Sunday, April 29, 2012

Ain't no other man

I wish that one day, I am able to give back the same amount of love joshy showers me with. There is no one else who will give in to my constant whining and wants just to make sure that I am happy. There is no one else who accepts me 100% for who I am, all my bad habits included. There is no one else I can truly be myself around. There is no one else who will put my happiness before his. There is no one else who will go all out of his way to try and put a smile on my face. Although you may be tired of the rejections and the unsatisfactory outcome of your efforts I wanna let you know that I do remember them and I am thankful for it every single day. We've made our mistakes but we've pushed through them together and I may zone out when you talk about army and you may not get what I am trying to tell you sometimes but we will always be the ones who make each other smile after a bad day.

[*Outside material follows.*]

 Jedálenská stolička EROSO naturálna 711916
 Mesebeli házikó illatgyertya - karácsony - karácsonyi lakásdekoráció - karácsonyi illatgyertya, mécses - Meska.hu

If I am gone, someday, my dear babypie, please don't be sad. I would still love you with every bit of myself because I cannot imagine a day where you are not the first person I talk to in the morning and the last person I say good night to. I love you!

Saturday, April 28, 2012

HELLO! :)

Had a really productive studying session at macs just now. I love these study sessions where we talk cock yet finish studying. so I think I'll feel pretty sad when we graduate and no longer come together for 'studying at macs' as I would call it. Had macs breakfast. haven't had it in ages so it tasted extra good. whoo. quite high now. I'm always high when I haven't slept the whole night. it's the best time to meet me. Hahaha.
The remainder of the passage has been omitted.